2001 children's animated TV series

Stanley is an American animated children's television series that aired on Playhouse Disney based on the Strange Relations series of children's books created by "Griff" (as indicated on the cover of the original book), also known as Andrew Griffin. It was produced by Cartoon Pizza and was developed for television by Jim Jinkins (the creator of Doug, PB&J Otter, Allegra's Window, JoJo's Circus, and Pinky Dinky Doo) and David Campbell.

The series follows Stanley, voiced by Jessica D. Stone, and teaches a wide variety of issues young children face, including change, growth, rules, and dealing with others.

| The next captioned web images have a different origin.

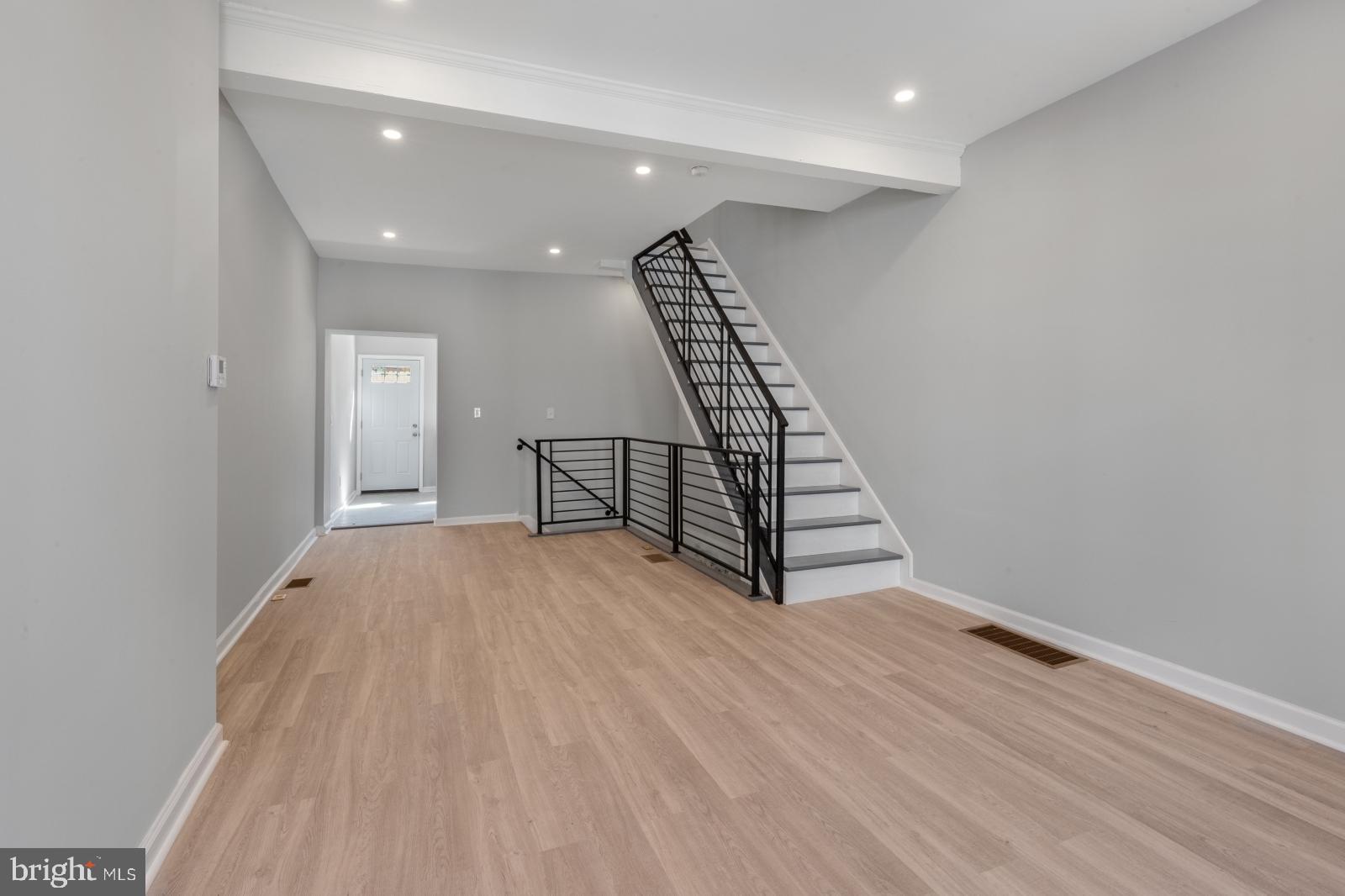 an empty room with wooden floor and staircase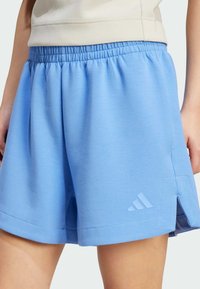 Modré sportovní šortky s elastickým pasem, bočními rozparky a jemně embosovaným logem. Vyrobeny z měkkého materiálu, vhodné pro aktivní nošení.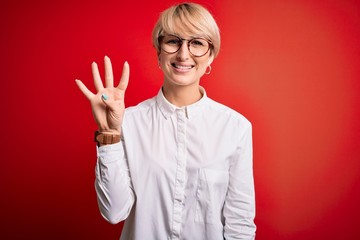 Wall Mural - Young blonde business woman with short hair wearing glasses over red background showing and pointing up with fingers number four while smiling confident and happy.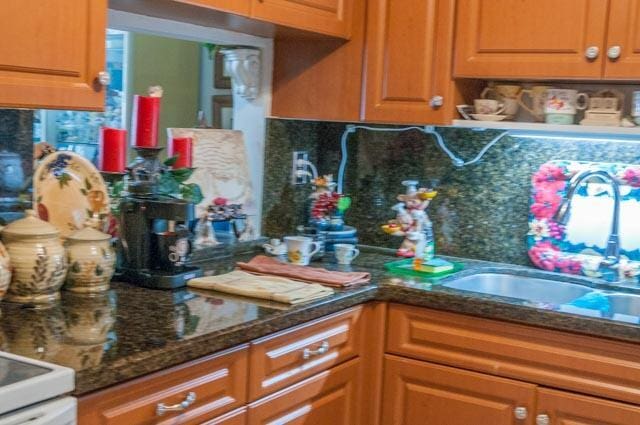 kitchen featuring tasteful backsplash, dark stone counters, and sink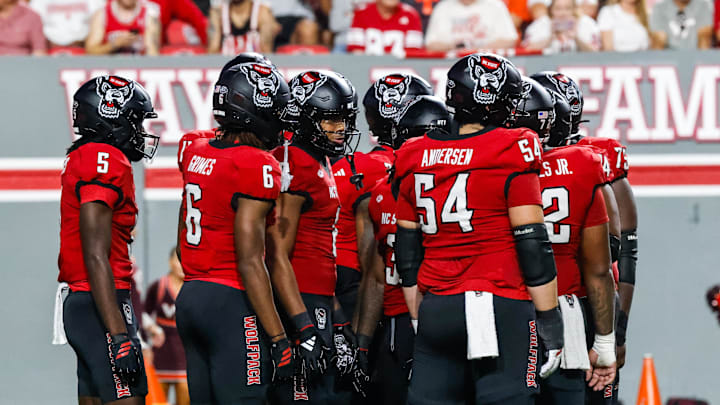 Sep 27, 2025; Raleigh, North Carolina, USA;  North Carolina State Wolfpack huddle during the first half of the game against Virginia Tech Hokies at Carter-Finley Stadium. Mandatory Credit: Jaylynn Nash-Imagn Images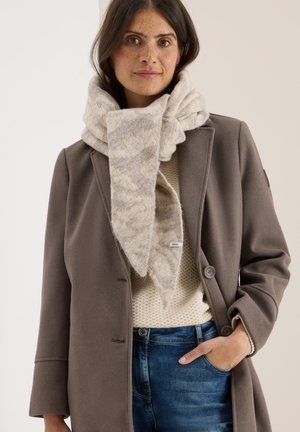 Beige gestrickter Schal mit strukturiertem Muster, über einem hellen Pullover getragen, ergänzt durch einen braunen Mantel und blaue Jeans.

Each episode centers on an animal that deals with or helps explain the issue Stanley is grappling with.

Bahamian Junkanoo and reggae fusion group Baha Men, who are best known for their hit song "Who Let the Dogs Out", sang the series' main theme song, "My Man Stanley".

The series was nominated for Outstanding Achievement in an Animated Television Production Produced for Children by the Annie Awards in 2003.

==Synopsis==
Each episode shows Stanley (voiced by Jessica D. Stone) in a situation he does not fully understand. He discusses it with his pet goldfish Dennis (voiced by Charles Shaughnessy) before consulting either his computer or the Great Big Book of Everything, a remarkably complete zoology book aimed at young children. By observing how an animal copes with the same situation Stanley faces, or how it can overcome a similar difficulty, Stanley learns to deal with the situation himself.

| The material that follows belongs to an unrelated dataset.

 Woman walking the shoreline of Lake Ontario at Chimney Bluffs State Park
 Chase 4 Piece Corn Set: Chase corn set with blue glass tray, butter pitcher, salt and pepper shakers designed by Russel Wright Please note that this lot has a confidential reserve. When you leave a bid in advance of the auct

Throughout the show Stanley and all his friends are able to talk to his pet cat, Elsie (voiced by Hynden Walch) and dog Harry (voiced by Rene Mujica) as well as Dennis. Other animals also seem to occasionally respond, but never talk or give a definite indication they truly understood what was said. Stanley and his friends actively try to keep the adults (that is, except Stanley's grandmother), and by extension Stanley's older brother Lionel, from realizing this.

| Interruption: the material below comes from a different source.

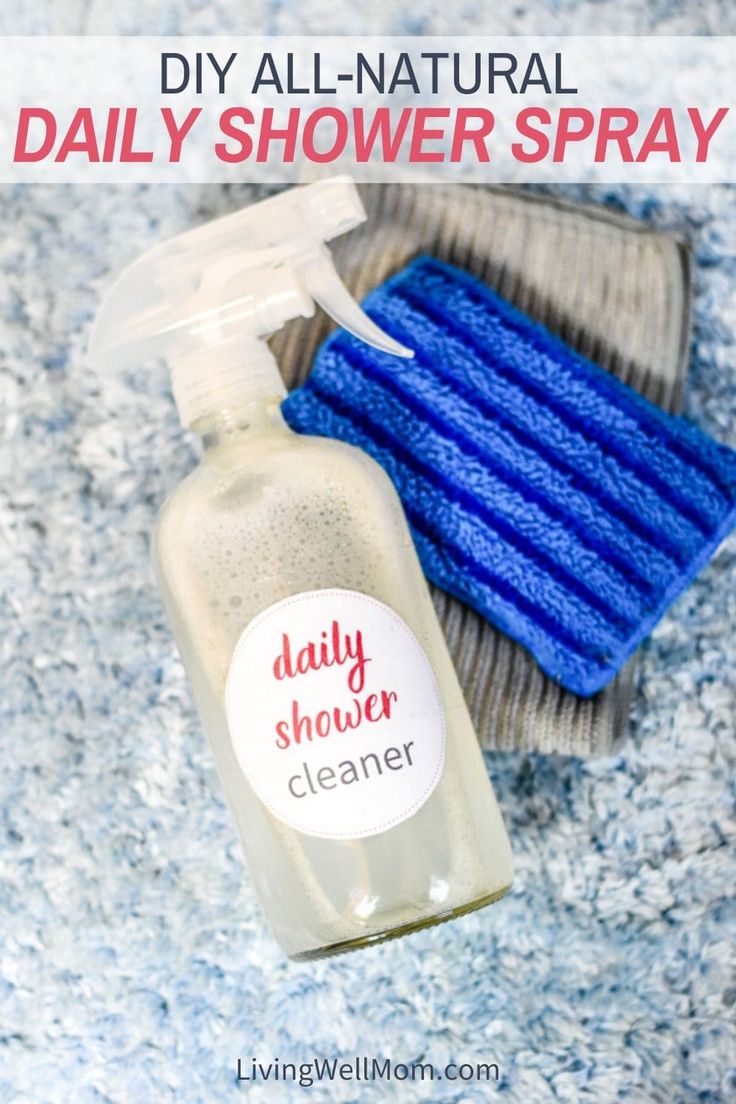 a bottle of diy all natural daily shower spray next to a blue sponge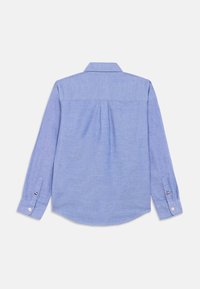 Lyseblå langermet skjorte som ligger flatt med baksiden opp, med knappede mansjetter og en sentrert plissè under skulderpartiet.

The Great Big Book of Everything is magical in nature, able to either let the animals out of the pages or allow the children to enter, sometimes changing them into animals in the process. This does not appear to be imaginary since occasionally adults do notice the noise, and Stanley works hard to hide the animals. There is also an episode where Stanley's brother sees a whale on the roof but dismisses the memory when it disappears back into the book.

The Halloween special features Stanley's grandmother who, it is implied, is a witch. She reveals that she too can work the book, and in fact was the one who gave it to Stanley for a fourth birthday present. She was also the one who taught its theme song to Harry and Elsie.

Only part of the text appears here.